A couple of paragraphs later he elaborates as follows:
The claim that values are not objective, are not part of the fabric of the world, is meant to include not only moral goodness, which might be most naturally equated with moral value, but also other things that could be more loosely called moral values or disvalues – rightness and wrongness, duty obligation, an action’s being rotten and contemptible, and so on.
In the next four chapters of his book, Mackie elaborates on this theme and its implications. At the beginning of chapter 5 he claims to have demonstrated that,
…no substantive moral conclusions or serious constraints on moral views can be derived from either the meanings of moral terms or the logic of moral discourse.

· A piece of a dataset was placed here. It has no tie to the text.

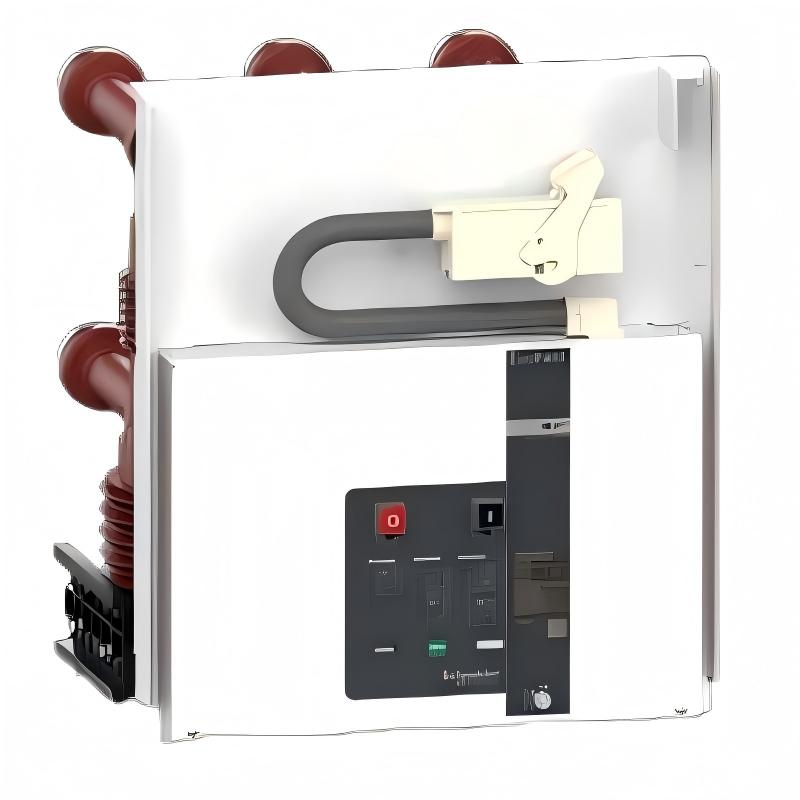 Schneider HVX 24-31-16-E Vacuum Circuit Breaker
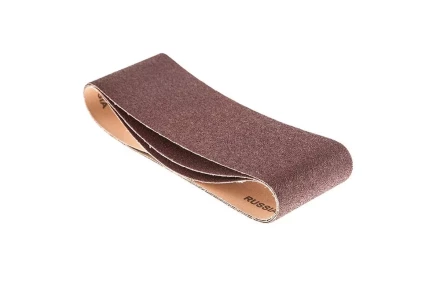 Лента шлиф. бесконечная HAMMER 100х610мм P40 купить в Муравленко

Perhaps, but at this point Mackie has climbed quite a ways up the scaffolding he was busy building in the first four chapters. Like so many “subjective moralists” before him, he now makes the mistake of looking down. He suffers an attack of vertigo, based on the realization that if he climbs much higher, he will be forced to admit that all the tomes of moral philosophy he has spent a lifetime reading, the very basis of his claims to be an “expert,” are actually irrelevant to the subject he claims to be an expert about, other than as historical curiosities. As we read on, he begins carefully climbing back down. In the following passage we find him taking his first tentative steps in reverse:
What tasks then remain for moral philosophy? One could study the moral views and beliefs of our own society or others, perhaps through time, taking as one’s subject what is summed up in Westermarck’s title, The Origin and Development of the Moral Ideas. But this perhaps belongs rather to anthropology and sociology. More congenial to philosophers and more amenable to philosophical methods would be the attempt systematically to describe our own moral consciousness or some part of it, such as our “sense of justice,” to find some set of principles which were themselves fairly acceptable to us and with which, along with their practical consequences and applications, our “intuitive” (but really subjective) detailed moral judgements would be in “reflective equilibrium.”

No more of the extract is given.